Information Block Start

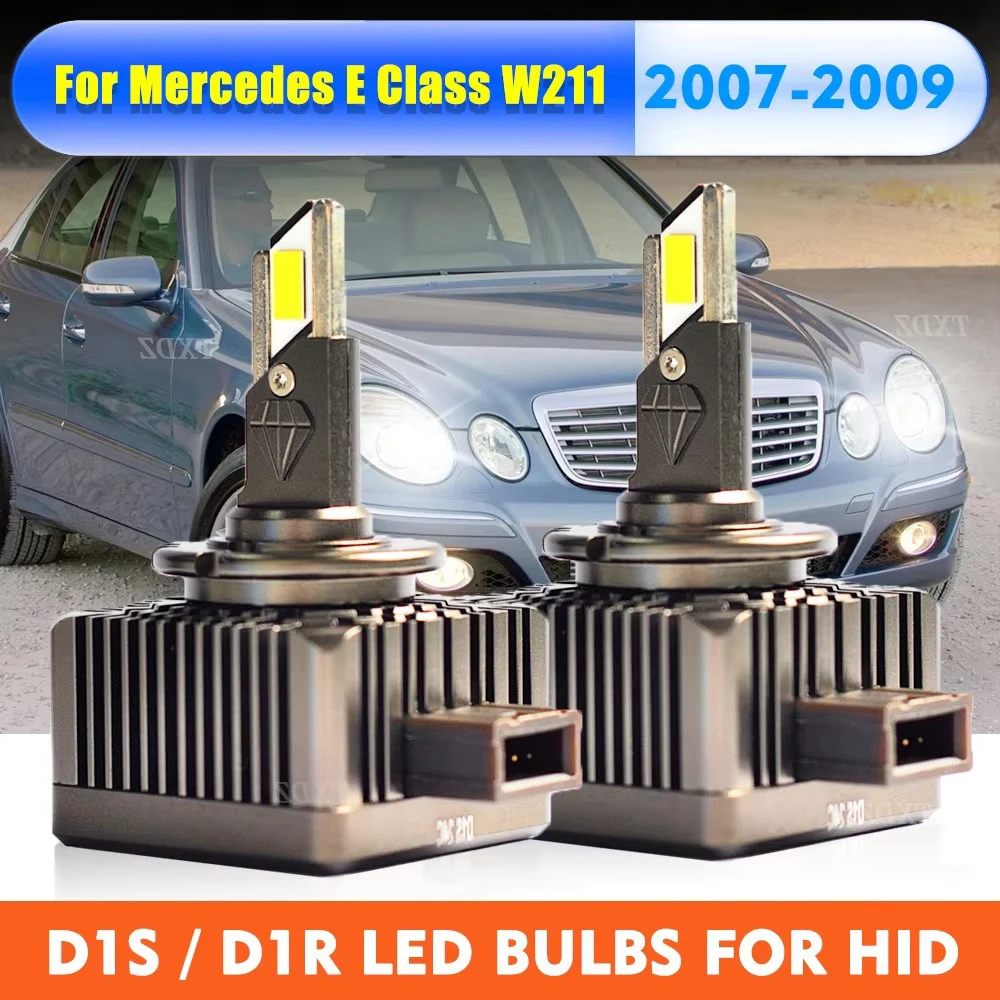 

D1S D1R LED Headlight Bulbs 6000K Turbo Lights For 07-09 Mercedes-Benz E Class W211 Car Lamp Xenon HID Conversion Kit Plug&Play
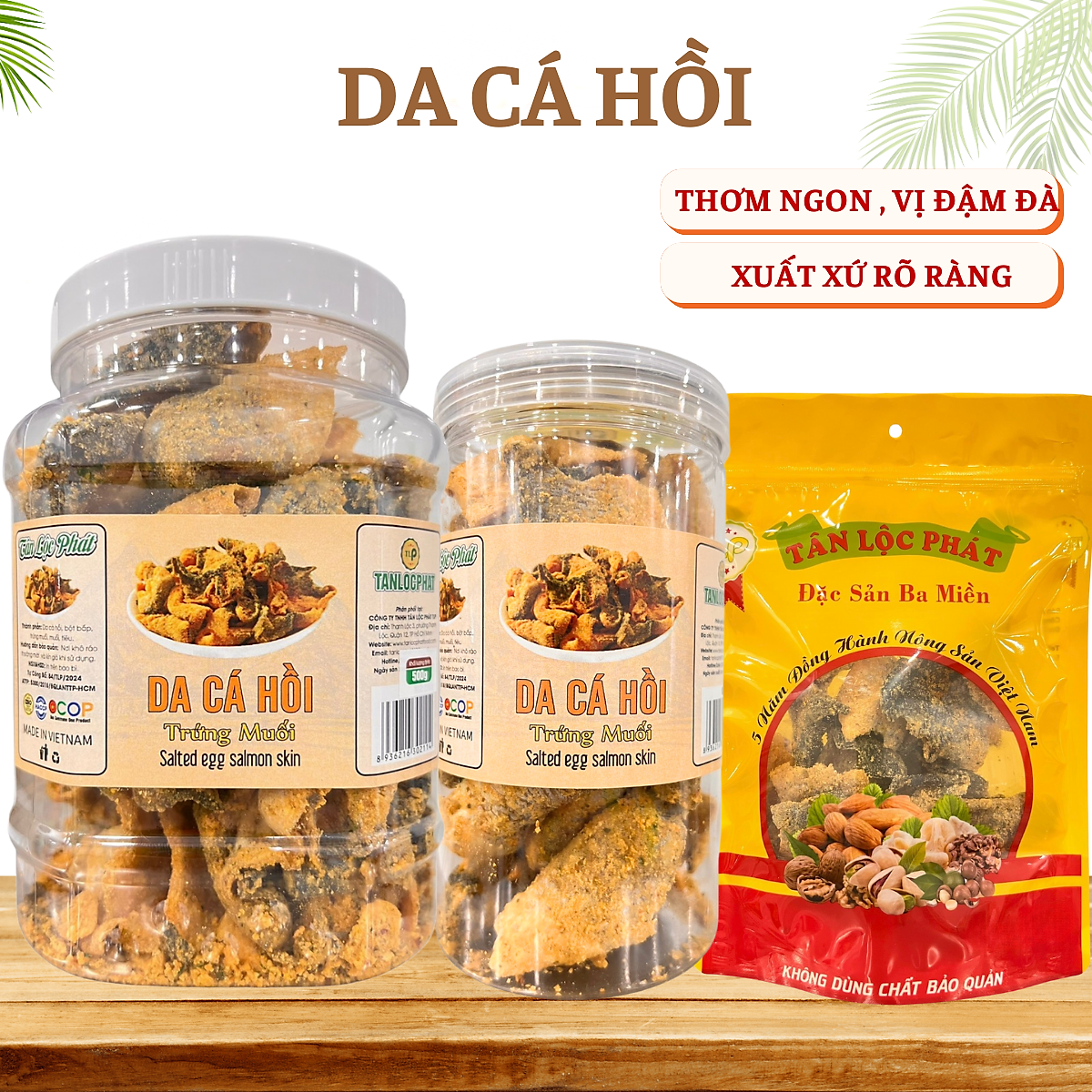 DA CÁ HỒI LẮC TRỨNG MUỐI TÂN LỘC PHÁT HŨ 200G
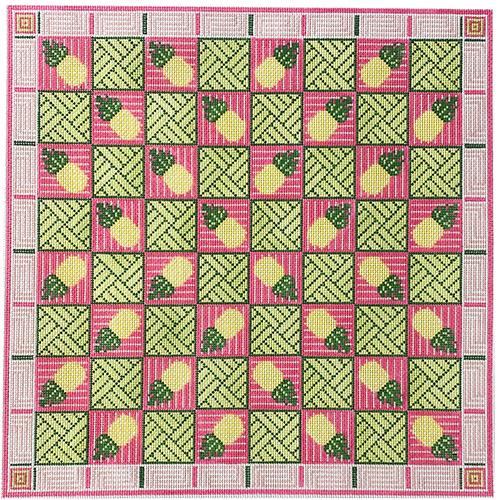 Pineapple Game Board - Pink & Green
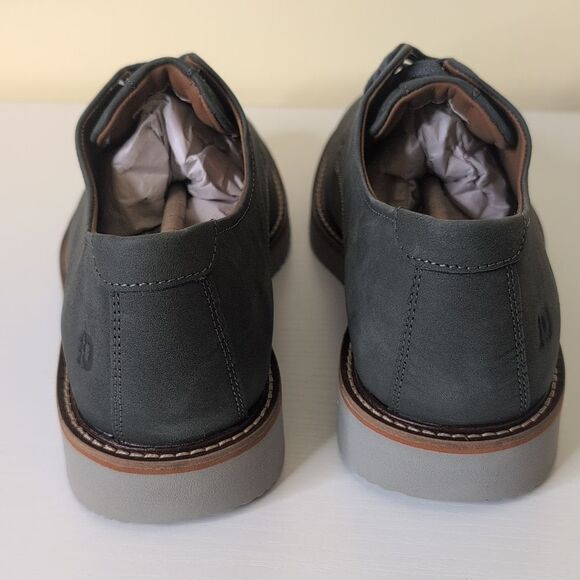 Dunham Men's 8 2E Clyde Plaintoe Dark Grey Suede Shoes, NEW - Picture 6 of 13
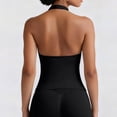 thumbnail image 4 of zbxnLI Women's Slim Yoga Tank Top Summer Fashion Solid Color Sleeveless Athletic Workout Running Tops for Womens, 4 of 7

Information Block End
Information Block Start

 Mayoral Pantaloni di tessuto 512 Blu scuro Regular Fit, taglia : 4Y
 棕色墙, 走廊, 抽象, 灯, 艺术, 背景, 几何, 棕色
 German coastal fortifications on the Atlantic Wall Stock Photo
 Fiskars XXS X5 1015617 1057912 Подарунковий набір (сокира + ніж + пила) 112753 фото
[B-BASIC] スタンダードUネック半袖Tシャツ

Information Block End
Information Block Start

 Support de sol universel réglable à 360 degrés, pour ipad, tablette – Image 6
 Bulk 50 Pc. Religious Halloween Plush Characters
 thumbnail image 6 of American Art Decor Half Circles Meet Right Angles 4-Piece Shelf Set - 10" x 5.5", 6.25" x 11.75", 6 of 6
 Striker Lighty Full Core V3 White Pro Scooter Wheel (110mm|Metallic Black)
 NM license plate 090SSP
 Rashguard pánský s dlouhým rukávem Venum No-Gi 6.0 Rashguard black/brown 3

Information Block End

Working from the material above, restate word for word the lines between the line with "Bulk 50 Pc." and the line with "Rashguard pánský s", both included, and only those.

 Bulk 50 Pc. Religious Halloween Plush Characters
 thumbnail image 6 of American Art Decor Half Circles Meet Right Angles 4-Piece Shelf Set - 10" x 5.5", 6.25" x 11.75", 6 of 6
 Striker Lighty Full Core V3 White Pro Scooter Wheel (110mm|Metallic Black)
 NM license plate 090SSP
 Rashguard pánský s dlouhým rukávem Venum No-Gi 6.0 Rashguard black/brown 3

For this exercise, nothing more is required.